Task objective
Report every line in the records below that holds the word "with".

Data for analysis

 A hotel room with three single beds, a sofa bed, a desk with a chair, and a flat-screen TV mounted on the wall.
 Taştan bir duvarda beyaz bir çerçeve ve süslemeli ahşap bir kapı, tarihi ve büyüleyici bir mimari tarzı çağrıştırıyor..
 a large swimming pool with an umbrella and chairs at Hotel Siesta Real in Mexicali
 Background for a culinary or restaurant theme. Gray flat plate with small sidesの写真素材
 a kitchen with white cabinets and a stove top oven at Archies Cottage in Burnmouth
---
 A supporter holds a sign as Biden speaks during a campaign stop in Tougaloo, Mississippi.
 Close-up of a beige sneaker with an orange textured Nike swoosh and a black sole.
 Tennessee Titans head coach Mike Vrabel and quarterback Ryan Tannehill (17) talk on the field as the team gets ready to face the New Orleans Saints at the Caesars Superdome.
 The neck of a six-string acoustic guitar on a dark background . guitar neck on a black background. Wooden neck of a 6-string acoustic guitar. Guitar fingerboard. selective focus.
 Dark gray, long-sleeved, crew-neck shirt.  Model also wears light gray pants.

Task response
 A hotel room with three single beds, a sofa bed, a desk with a chair, and a flat-screen TV mounted on the wall.
 a large swimming pool with an umbrella and chairs at Hotel Siesta Real in Mexicali
 Background for a culinary or restaurant theme. Gray flat plate with small sidesの写真素材
 a kitchen with white cabinets and a stove top oven at Archies Cottage in Burnmouth
 Close-up of a beige sneaker with an orange textured Nike swoosh and a black sole.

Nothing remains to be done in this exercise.